■ Extracted information
*** Begin section ***

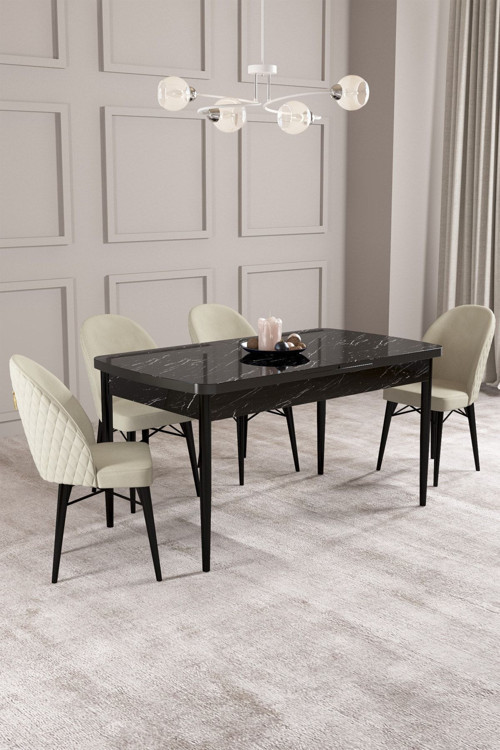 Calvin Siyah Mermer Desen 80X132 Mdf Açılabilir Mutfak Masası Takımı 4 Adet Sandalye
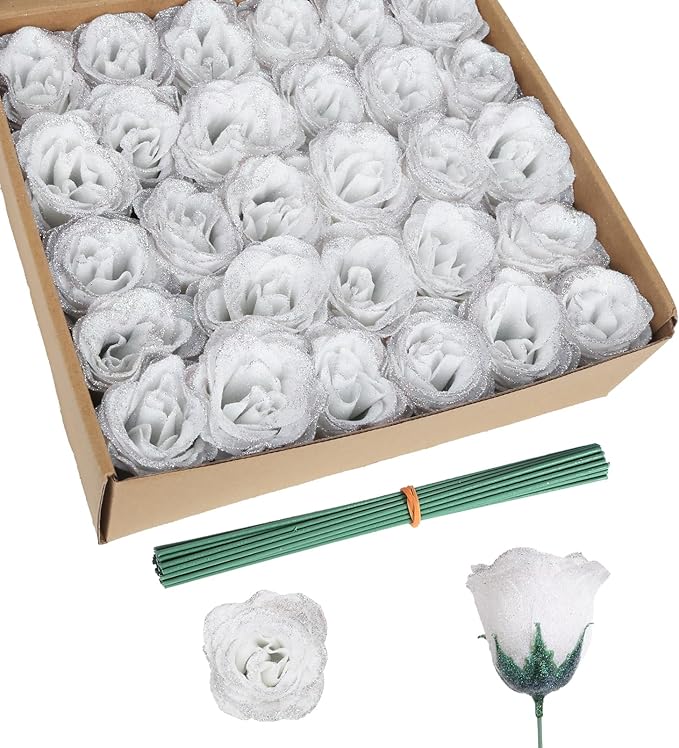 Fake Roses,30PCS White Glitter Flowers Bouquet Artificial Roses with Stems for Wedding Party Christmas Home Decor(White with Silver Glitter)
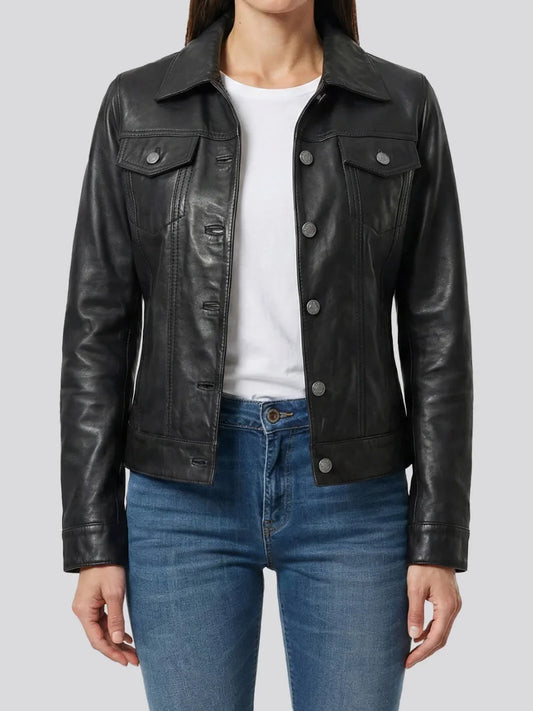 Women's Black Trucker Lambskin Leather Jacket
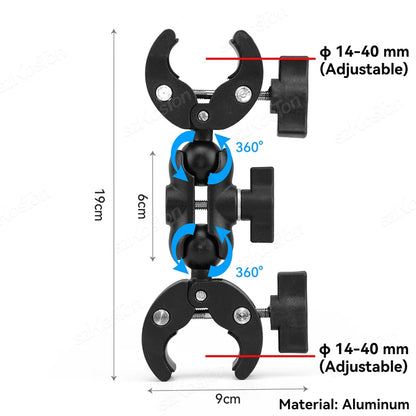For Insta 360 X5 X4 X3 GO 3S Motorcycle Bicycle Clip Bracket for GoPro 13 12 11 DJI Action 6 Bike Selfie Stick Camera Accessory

*** End section ***
*** Begin section ***

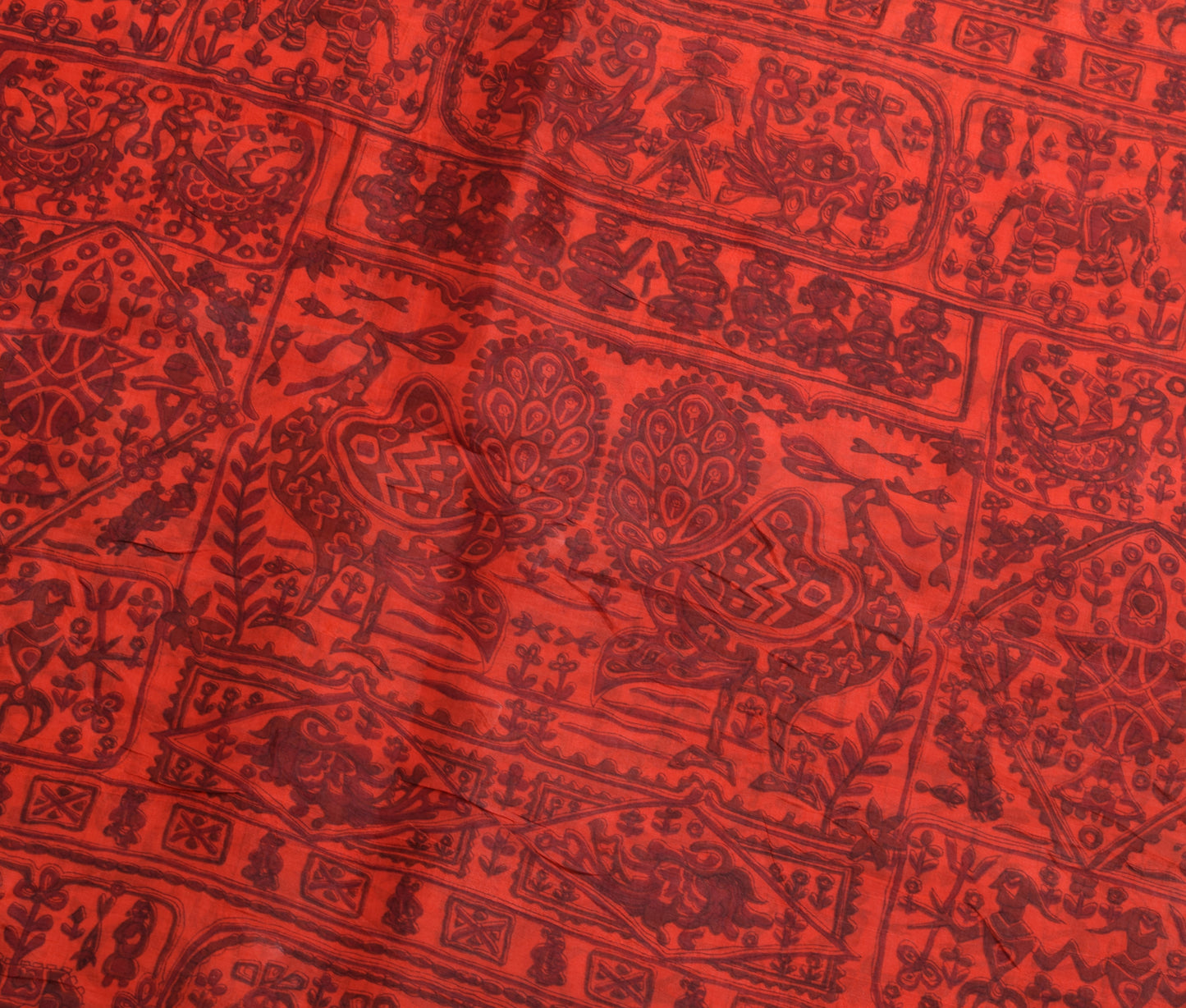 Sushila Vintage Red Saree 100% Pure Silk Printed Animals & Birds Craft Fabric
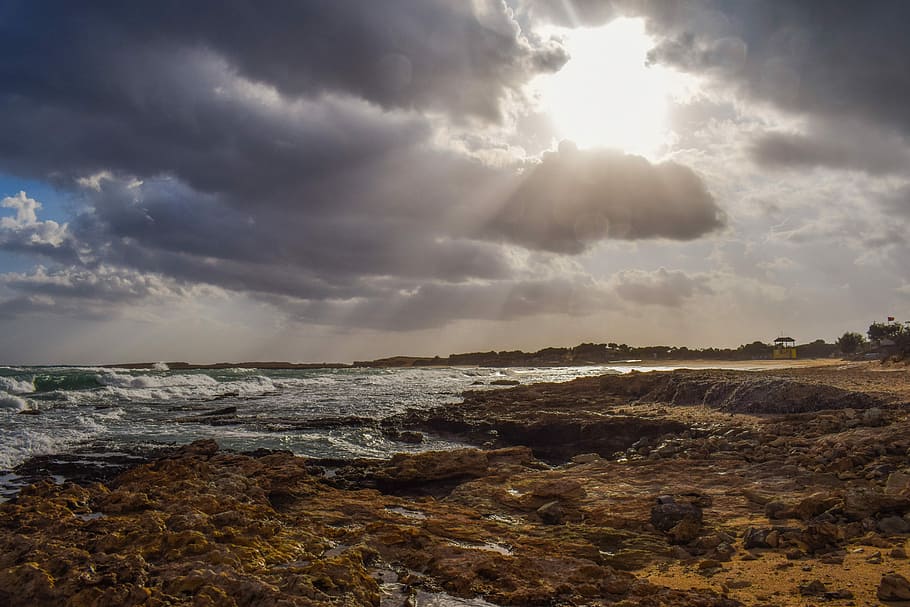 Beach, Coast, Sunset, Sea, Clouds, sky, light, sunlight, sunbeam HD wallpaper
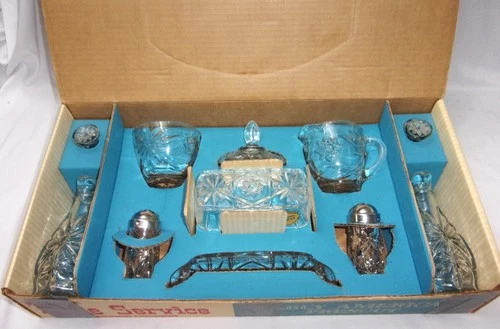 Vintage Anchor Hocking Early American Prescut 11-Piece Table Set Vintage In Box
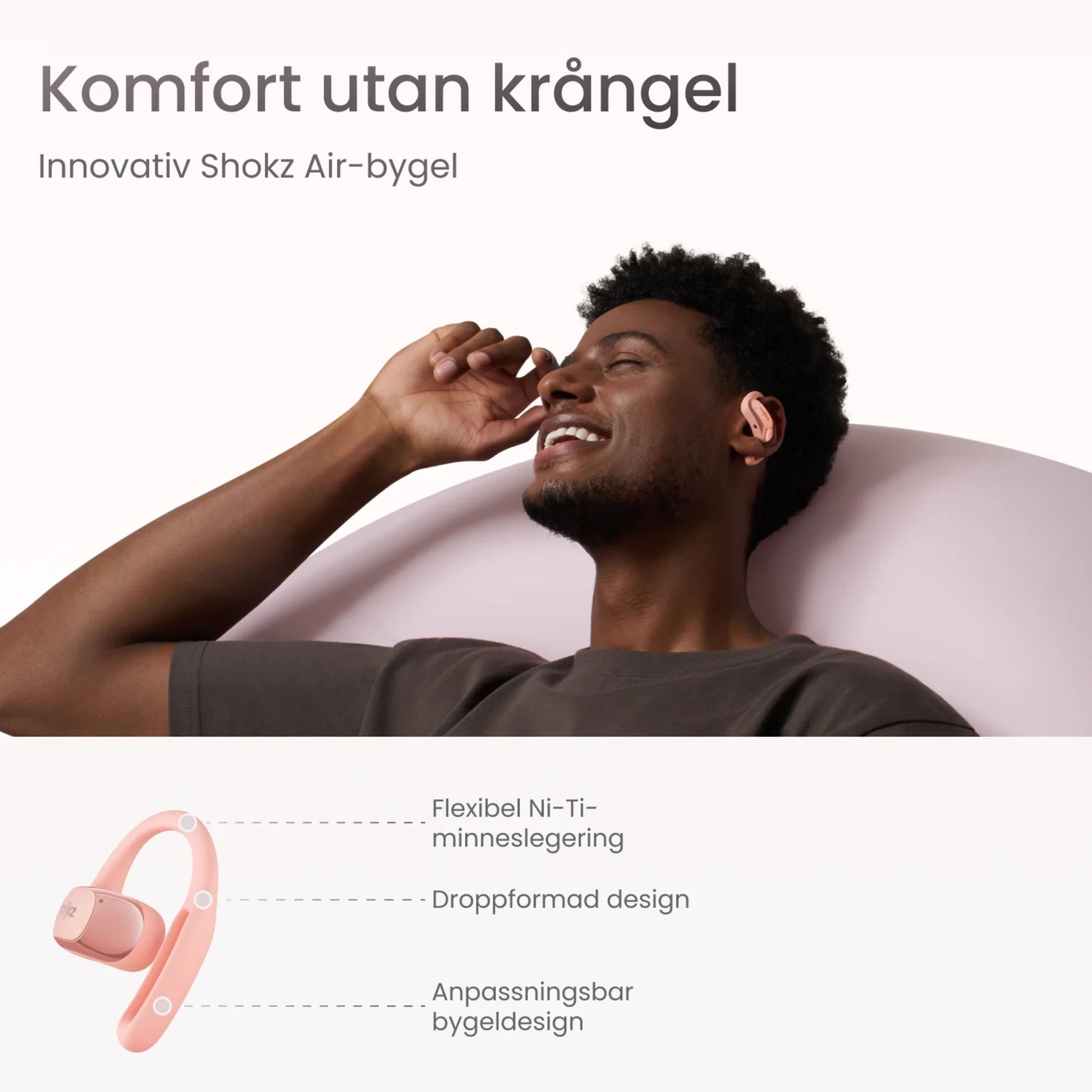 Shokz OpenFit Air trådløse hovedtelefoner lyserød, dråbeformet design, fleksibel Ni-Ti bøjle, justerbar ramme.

*** End section ***
*** Begin section ***

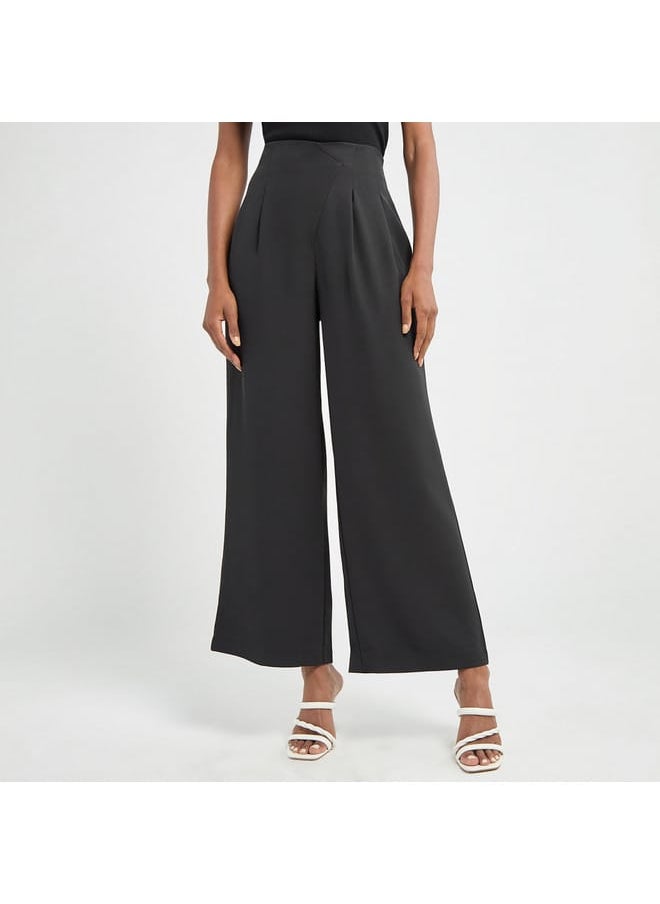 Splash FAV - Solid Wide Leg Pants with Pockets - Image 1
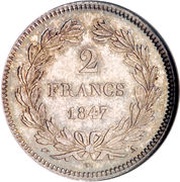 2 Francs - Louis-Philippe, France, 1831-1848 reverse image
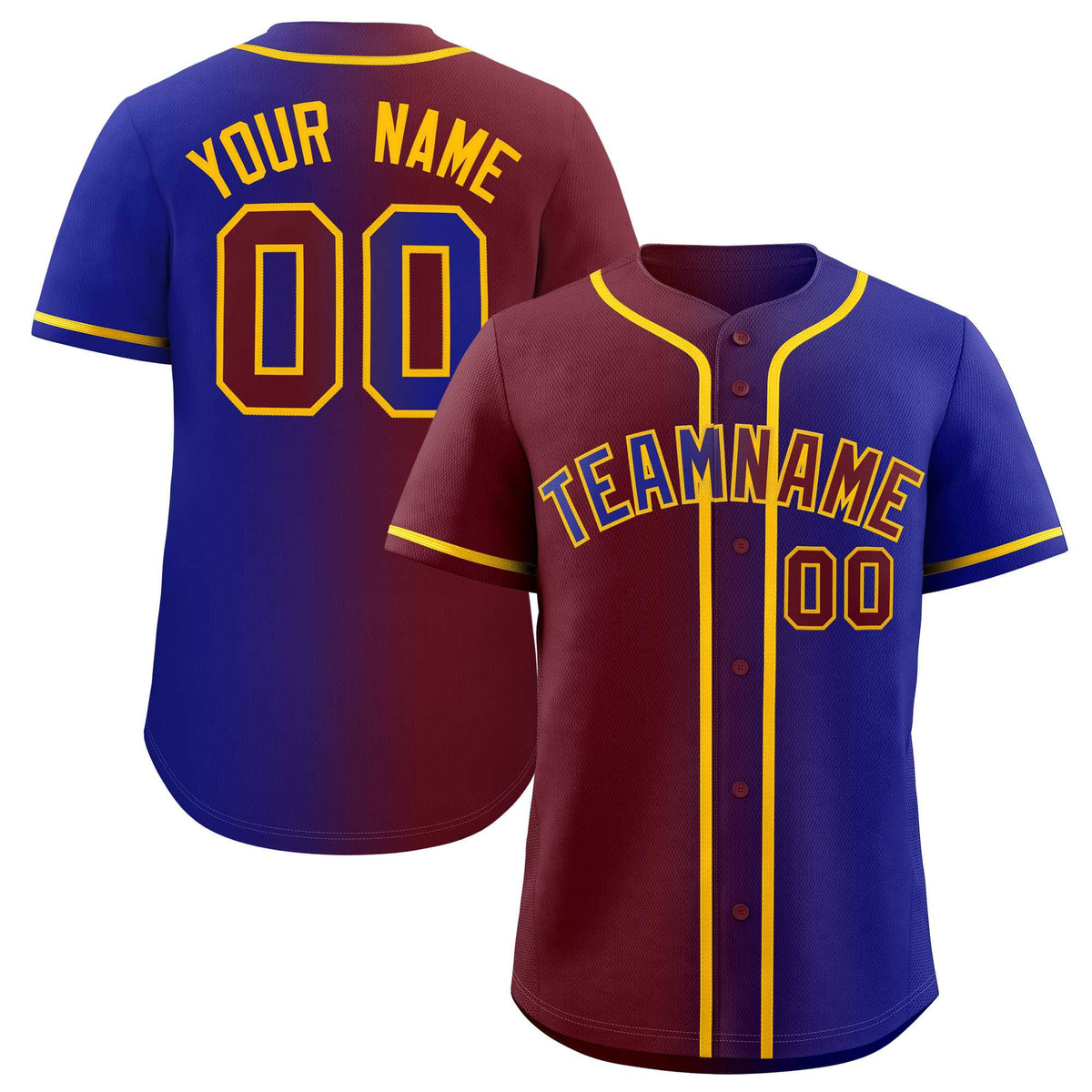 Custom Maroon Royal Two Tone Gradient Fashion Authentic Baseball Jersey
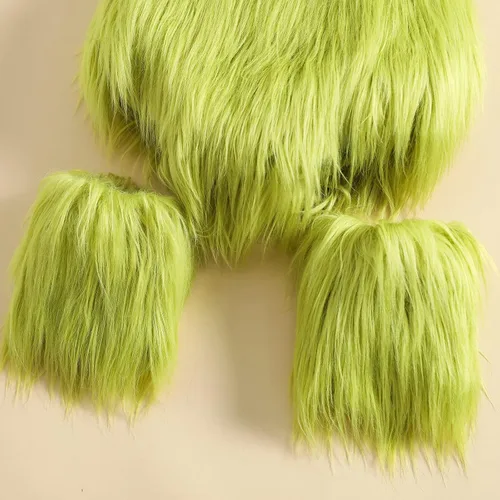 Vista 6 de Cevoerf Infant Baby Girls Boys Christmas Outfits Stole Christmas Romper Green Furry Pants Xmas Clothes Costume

*** End section ***

■ To do
Copy nothing but the lines above that run from the one with "Calvin Siyah Mermer" to the one with "For Insta 360", ends included; pictures stay out.

■ Response below
 Calvin Siyah Mermer Desen 80X132 Mdf Açılabilir Mutfak Masası Takımı 4 Adet Sandalye
 Fake Roses,30PCS White Glitter Flowers Bouquet Artificial Roses with Stems for Wedding Party Christmas Home Decor(White with Silver Glitter)
 Women's Black Trucker Lambskin Leather Jacket
For Insta 360 X5 X4 X3 GO 3S Motorcycle Bicycle Clip Bracket for GoPro 13 12 11 DJI Action 6 Bike Selfie Stick Camera Accessory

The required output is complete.